**WHAT YOU ARE ASKED TO DO**: Stop at the line containing "Duravit D-NEO 61x46,2": repeat exactly every line of the entries below from the first up to it, plus that line, with pictures omitted.

[Scraped caption text data]

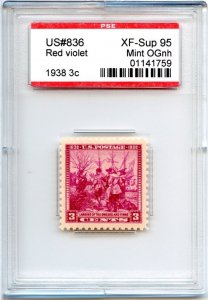 US SCOTT #836 MINT-XF-SUP-OG-NH GRADED 95 PSE ENCAPSULATED SMQ $25 (8/14/24 GP)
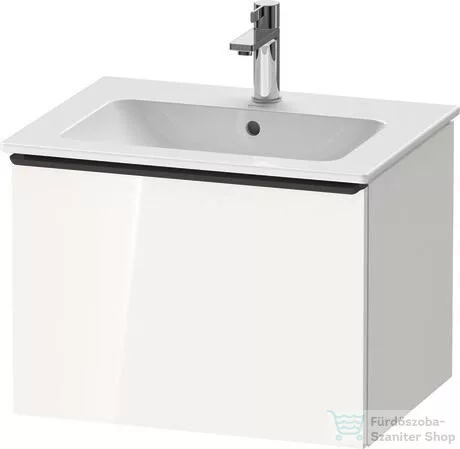 Duravit D-NEO 61x46,2 cm-es, 1 fiókos függesztett szekrény fekete fogantyúval, 233663XXX mosdóhoz, fényes fehér DE42610BD220000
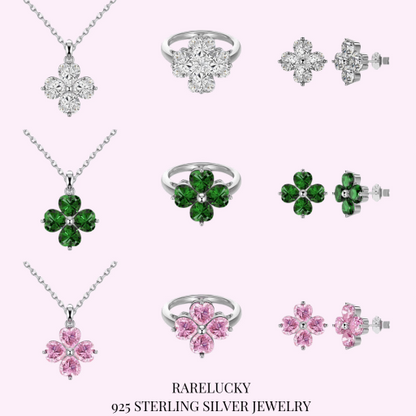 RareLucky Heartwish Clover S925 Sterling Silver Jewelry Set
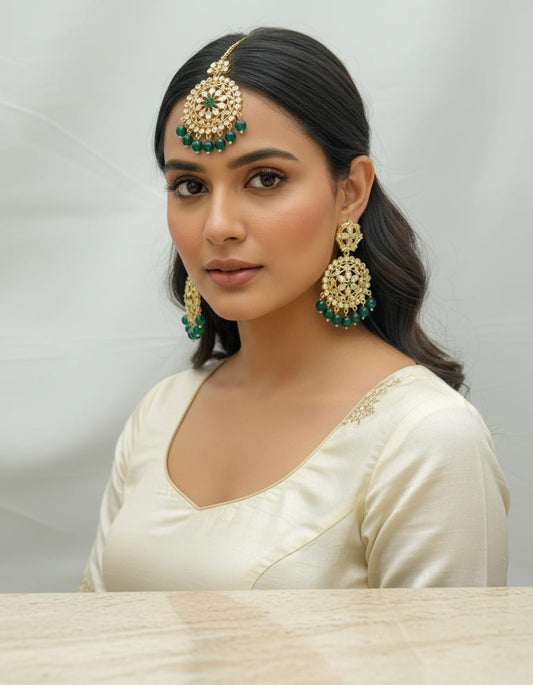 Beaded Kundan Chandbali Earrings & Maang Tikka Set – Royal Ethnic Jewellery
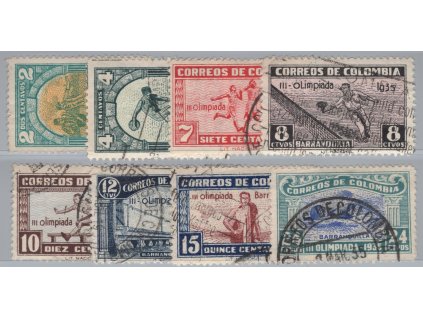 Kolumbie 1935, Mi. 351 -> (8 hodnot), O 2 - 24 c Olympijské hry, nekompletní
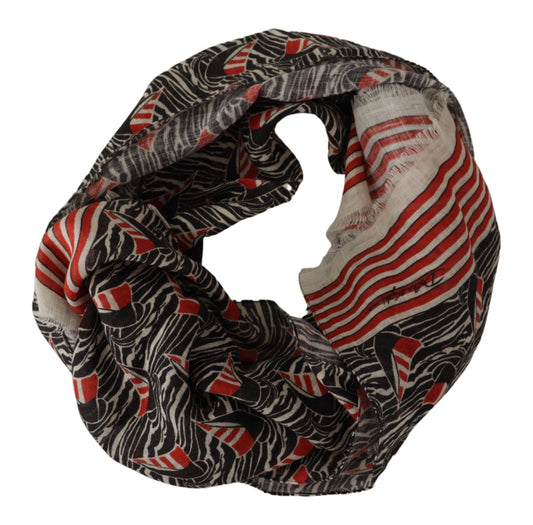 Dolce & Gabbana Black Red Linen Sailboat Stripe Print Shawl Scarf Curated Luxury Accessories by Orvyn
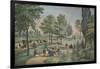 Central Park, The Drive, Currier & Ives, pub. 1862-null-Framed Giclee Print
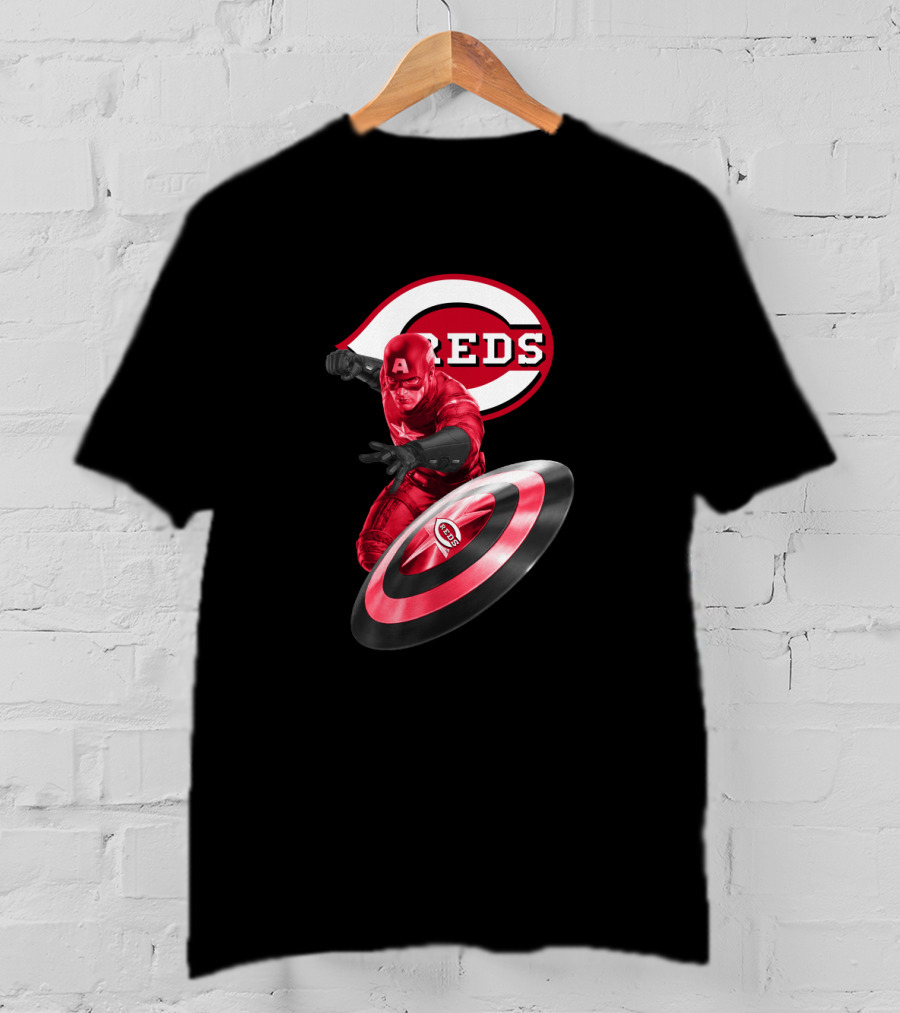 Cincinnati Reds Captain America Crossover Fan T-Shirt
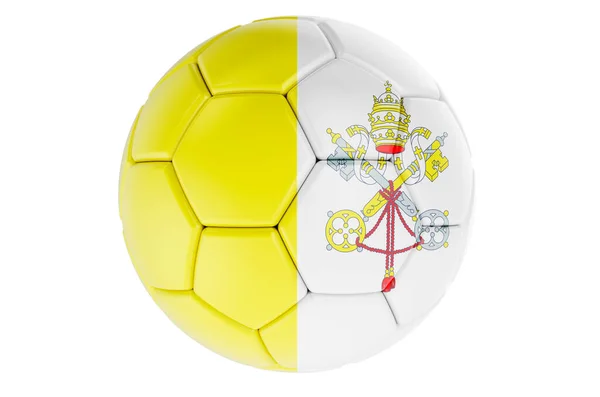 Fotboll Eller Fotboll Med Vatikanens Flagga Rendering Isolerad Vit Bakgrund — Stockfoto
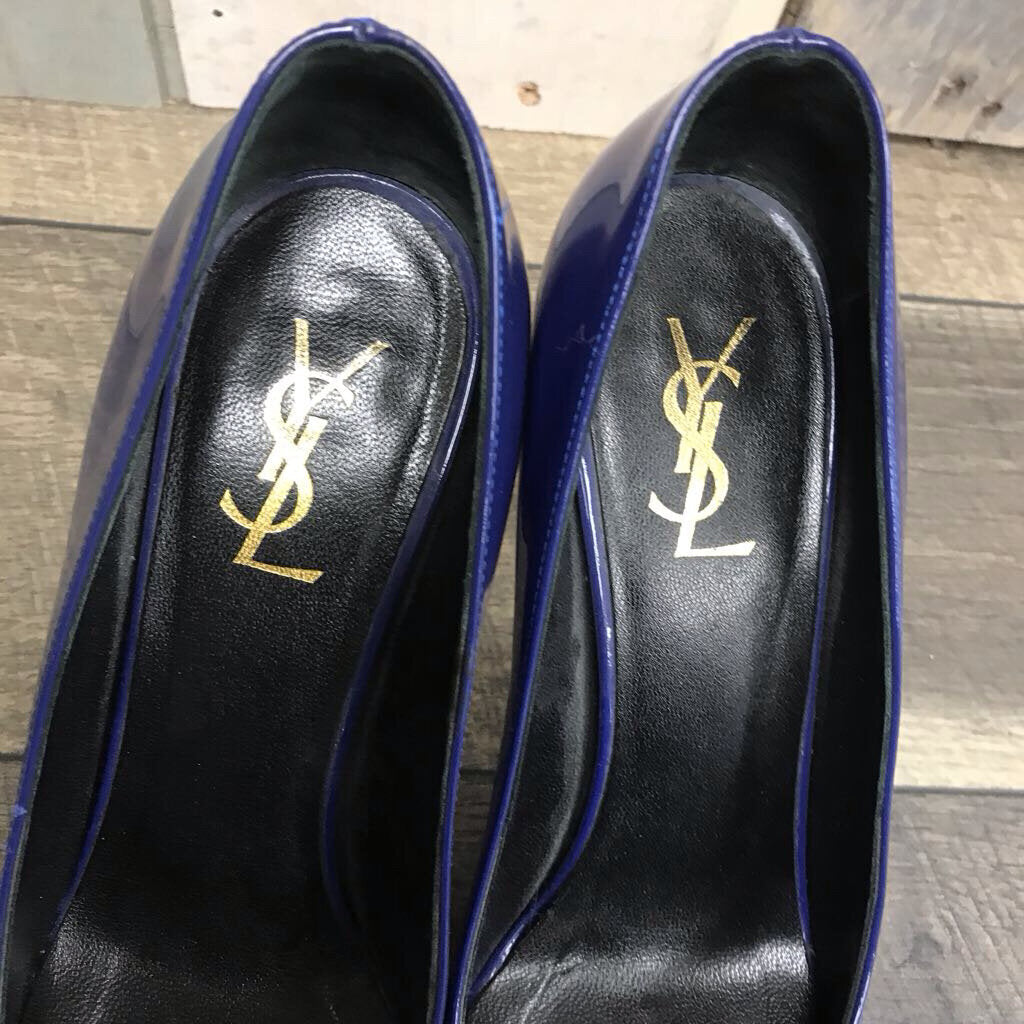 BLUE YSL PATENT LEATHER PUMPS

**TASK ANSWER**:
 US SCOTT #836 MINT-XF-SUP-OG-NH GRADED 95 PSE ENCAPSULATED SMQ $25 (8/14/24 GP)
 Duravit D-NEO 61x46,2 cm-es, 1 fiókos függesztett szekrény fekete fogantyúval, 233663XXX mosdóhoz, fényes fehér DE42610BD220000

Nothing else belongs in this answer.